What is a Will?
In its most basic form, a will is a document that stipulates specific instructions that are to be followed in the event of your death. Typically, wills are used to distribute physical property, but you may certainly leave other directions as well. Often, wills are used to name legal guardians for minor children in the event of a parent’s death.
Many estates require more extensive planning; however, there are only four basic legal requirements to make a will legal and binding:
- The will must be written, either handwritten or typed.
- The will must be signed by the testator who is the person writing the will.
- The testator must be at least 18 years of age.
- The will must be signed by two witnesses who have witnessed the testator as well as each of the other witnesses sign the will.
- What Happens if You Die without a Will versus with a Will?
If a person dies without a legal will in place, his or her property will be distributed by the state or states in which he or she owns the property. However, anyone who writes a will has the option of having his or her property distributed in three basic ways:
- Anyone named as a beneficiary to a particular asset, such as a life insurance policy, will receive the particular asset.

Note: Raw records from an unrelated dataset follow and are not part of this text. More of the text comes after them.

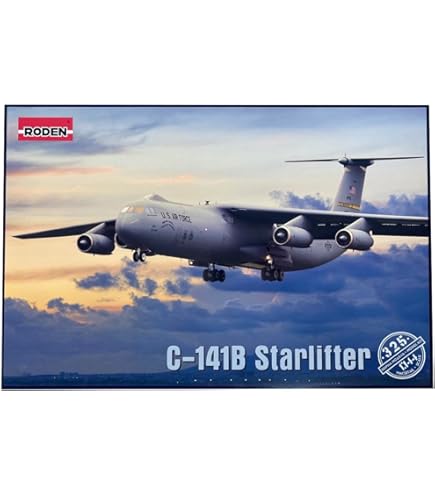 RODEN ロデン 1/144 C-5B GALAXY ギャラクシー プラモデル Review: Roden 1/144 C-5B Galaxy – Kit Review - iModeler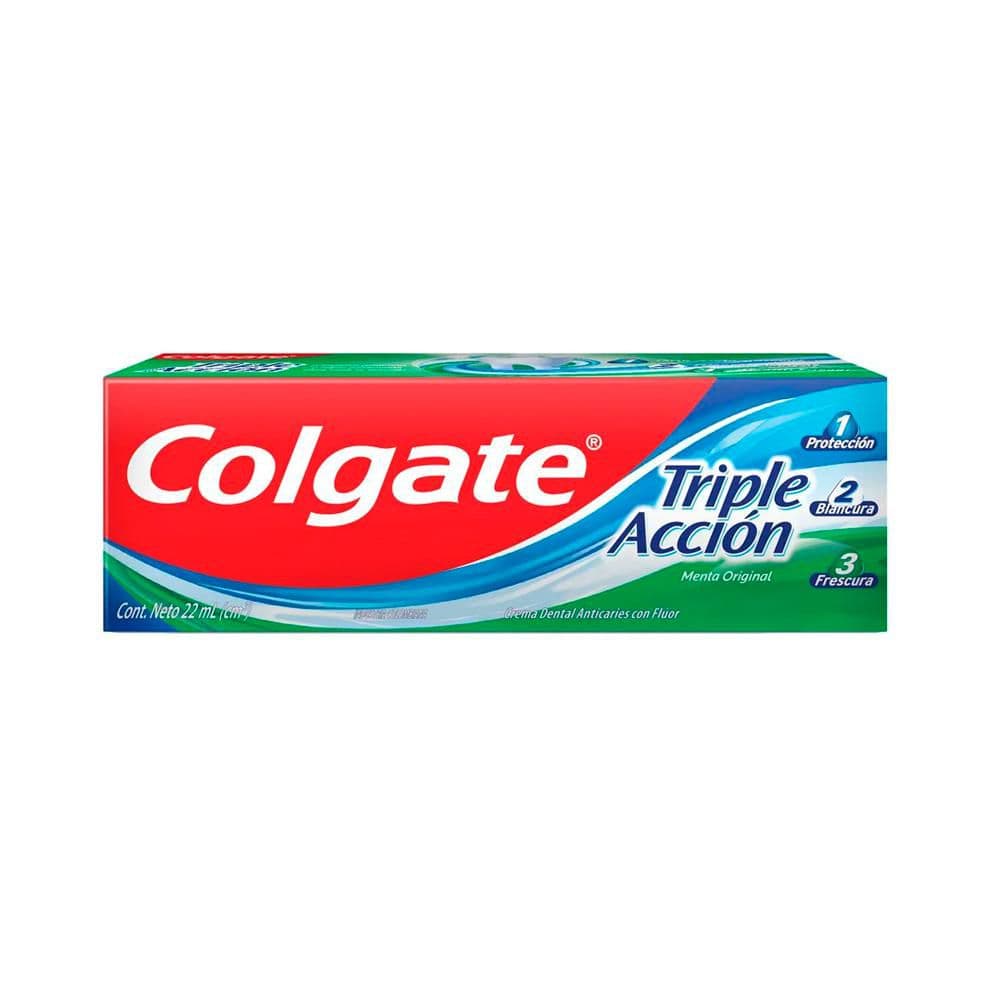 Crema Dental Colgate Triple Acción 22 ml, Caja x 144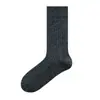 Calcetines de Lana para Hombre Estilo Otoño Invierno Resistentes al Olor Calcetines de Media Pantorrilla Doble Aguja Cálidos Calcetines Largos Calcetines Largos de Negocio para Hombre Venta al por Mayor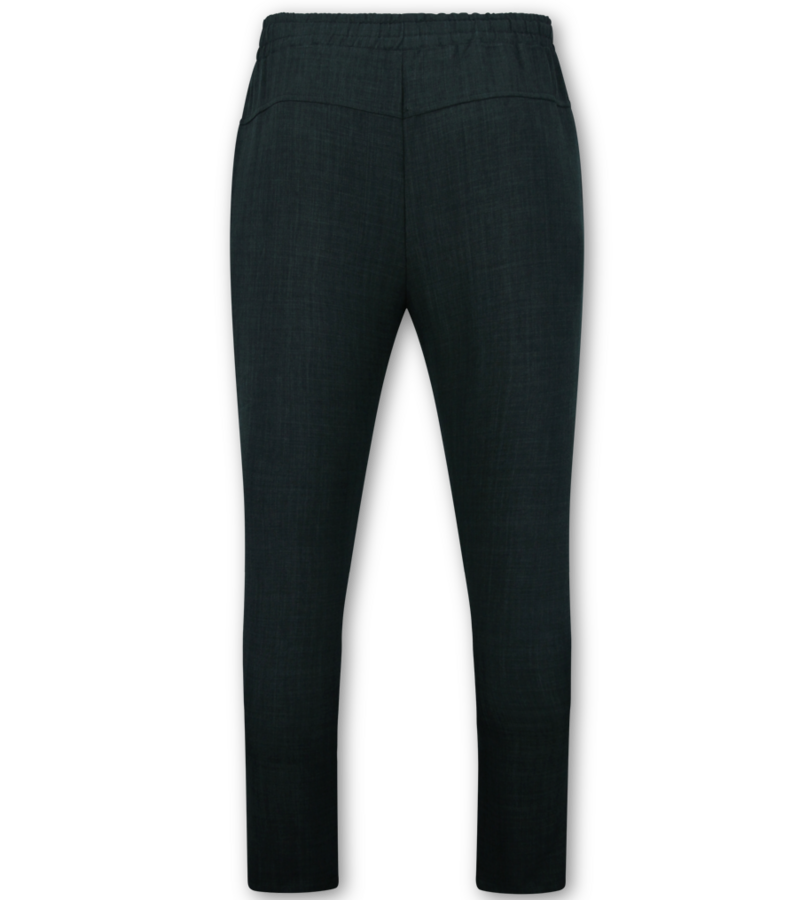 Enos Herrlinne-sommarset - Herrlinnetwinset - Herrlinneskjorta - Herrsommarbyxor - MG-012 - Svart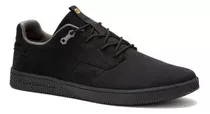 Sneaker Caterpillar Pause Canvas Black Para Hombre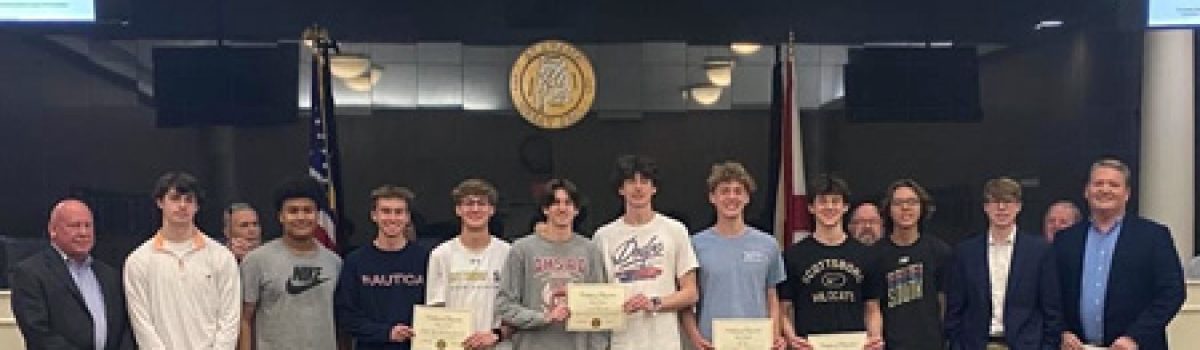Council honors SHS Boys Indoor Track team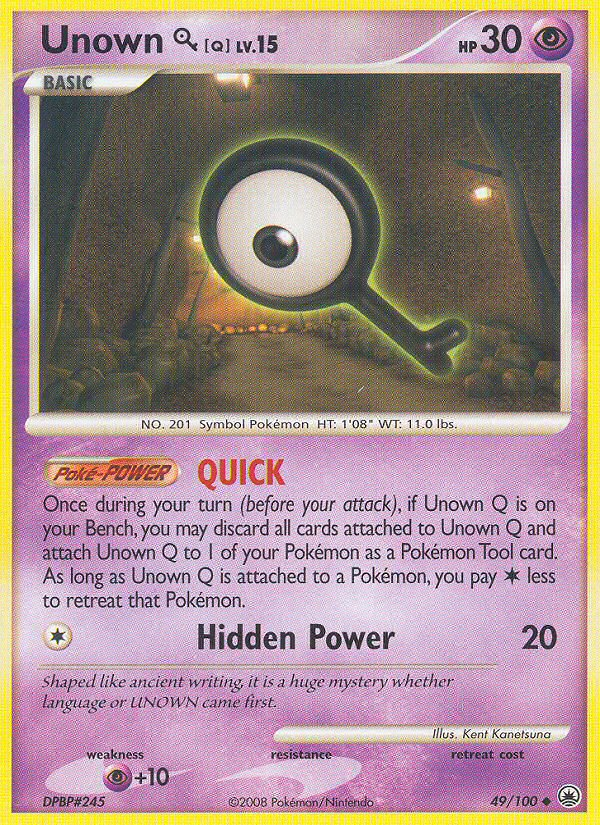 Unown Q (49/100) [Diamond & Pearl: Majestic Dawn] | All Aboard Games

- Anyone listed as a joint owner on a particular asset, such as a piece of real estate, will receive that asset as the surviving owner.
- When an asset does not have a clear beneficiary or joint owner, then that asset may be distributed via a will. A last will and testament really only applies to this third category, then.
How Do You Write a Will?
People who are 18 or older can legally write wills on their own. However, it’s recommended that you work with an attorney as you write your last will and testament as a way to make certain that this will holds up in a court of law.
What Should a Will Cover? What Should be Included in a Last Will and Testament?
Nobody enjoys thinking about a last will and testament. However, if you have minor children or if you own any property of value, it is recommended that you work with an appropriate attorney to write a last will and testament that makes your wishes clear and that will hold up in a court of law.
As you talk with an attorney and begin considering your will, here are some basic questions to consider:
- Who would you want to list as your beneficiaries? Most commonly wills are used to disperse specific gifts and assets to recipients. These assets and gifts may be sums of money or concrete items. These recipients are called beneficiaries of the will. You may also stipulate in your will when and how assets are to be distributed to any minors. You may need to consider what you want to happen to an asset should a beneficiary pass away before you do. Depending on the details of your estate and your last will and testament, there may be other items that your will covers.
- Who would you want to be the guardian of your minor children? If you have minors, it’s important to have a will in place that makes this clear for their sake. This part of your will may have a series of instructions. For example, you may list a specific guardian for your children, or you may want to simply name someone who would make a decision about the guardianship of your children on your behalf. You may leave instructions to a guardian as to how you would want your children to be raised. Additionally, you may want to name someone to manage your estate for you until such time as your minor children grow up and inherit.
- Who would you want to name as an executor? An executor is someone who would deal with specific aspects of your will and your estate in the event of your death. The executor is a kind of manager whom you trust to carry out the instructions given in your last will and testament.